Husilerin yolsuzluğuna tepki göstern 4 kişi idamla karşı karşıya

Yemen’in dört ünlü siması, Sana’daki terör davalarına bakan Husi mahkemesine çıkarıldılar.  (Husi medyası)
Yemen’in dört ünlü siması, Sana’daki terör davalarına bakan Husi mahkemesine çıkarıldılar.  (Husi medyası)
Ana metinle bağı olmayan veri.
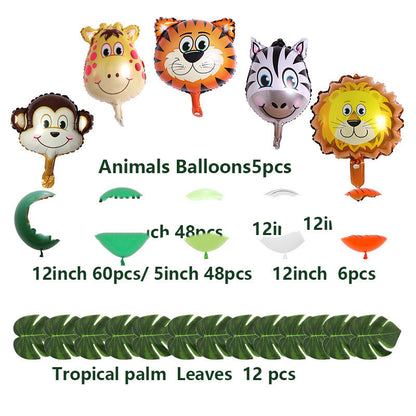 Jungle Theme Party Balloon Set – Safari Animal Balloon Decorations for Kids' Birthday & Baby Shower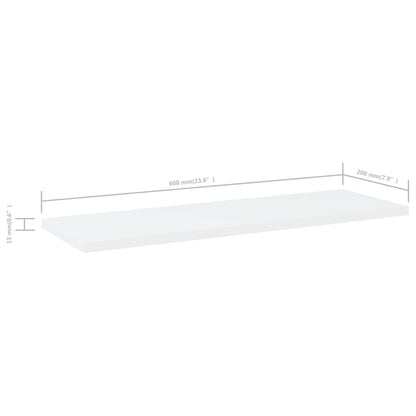 Panneaux de bibliothèque 4 pcs blanc bois d’ingénierie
Sana’daki Husi milisler, Yemenli dört ünlü simayı milis liderlerinin yolsuzluklarını eleştirmeleri nedeniyle evlerinden kaçırmalarının ardından yargılamaya başladı. Duruşmada çekilen fotoğraflar sosyal medyada paylaşıldı. Terör davalarına yönelik mahkemeye çıkarılan ünlülere suçlamalar yöneltilirken haklarında idam kararı verilmesinden endişe ediliyor.
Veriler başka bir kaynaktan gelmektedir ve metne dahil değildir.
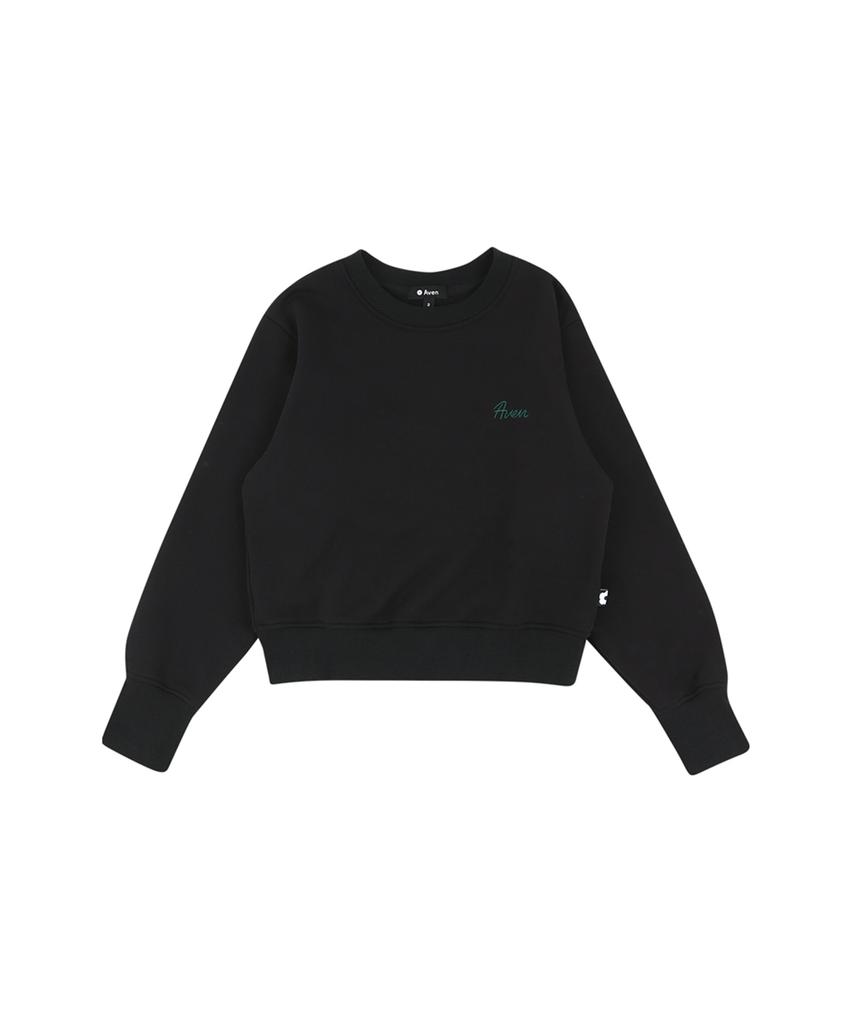 AVEN Round Neck Semi-Crop Sweatshirt Black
Durum, Yemenliler arasında büyük bir rahatsızlık yarattı. Yemen Enformasyon Bakanı Muammer el-İryani, Husilerin bu hamlesini İran’daki baskıcı rejimin muhaliflerine yönelik uygulamasının bir kopyası olarak nitelendirdi.
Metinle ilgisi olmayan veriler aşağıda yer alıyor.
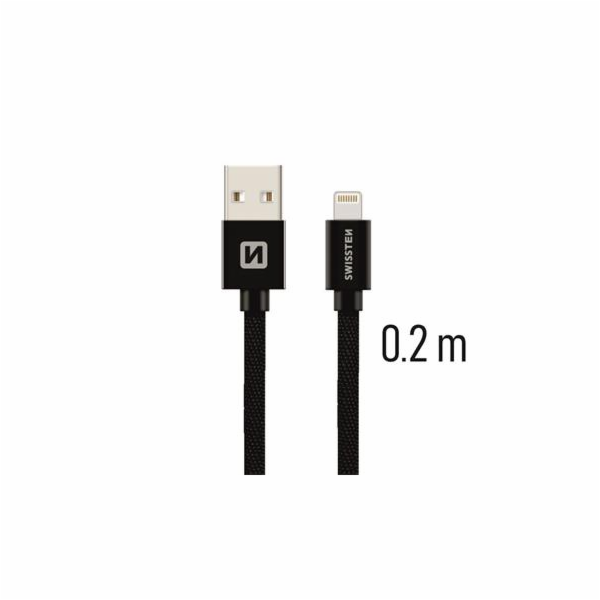 Swissten Datový Kabel Textile Usb / Lightning 0,2 M Černý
Aktivistler, Husi mahkemesine çıkarılan, birbirine kelepçelenmiş dört aktivistin fotoğraflarını sosyal medyada paylaştı. Dört aktivist, kaosu kışkırtmakla ve insanları milislerin kontrolü altındaki hükümet merkezlerine saldırmaya çağırmakla suçlandılar. Bu durum, yetkiler ve fonlar Husi milislerinin tekeline geçerken, yolsuzluğun yaygınlaşması, maaş ödemelerinin durdurulması, milyonlarca Yemenlinin geçim sıkıntısı yaşaması sebebiyle milislerin kontrolündeki bölgelerde -kendisine sadık olanlar arasında bile- protestolar yaşandığı bir zamana denk geliyor. Husi milislerinin resmi kaynakları, Sana’da gruba bağlı Ceza Mahkemesi’nde, Ahmed Hacer, Mustafa el-Mumeri, Hamud el-Misbahi ve Ahmed Allav’ın duruşmasının gerçekleştirildiğini aktardı. Kaynaklara göre, duruşmada dört ünlüye kendilerine yöneltilen iddianame ve savcılığın sunduğu deliller bildirildi.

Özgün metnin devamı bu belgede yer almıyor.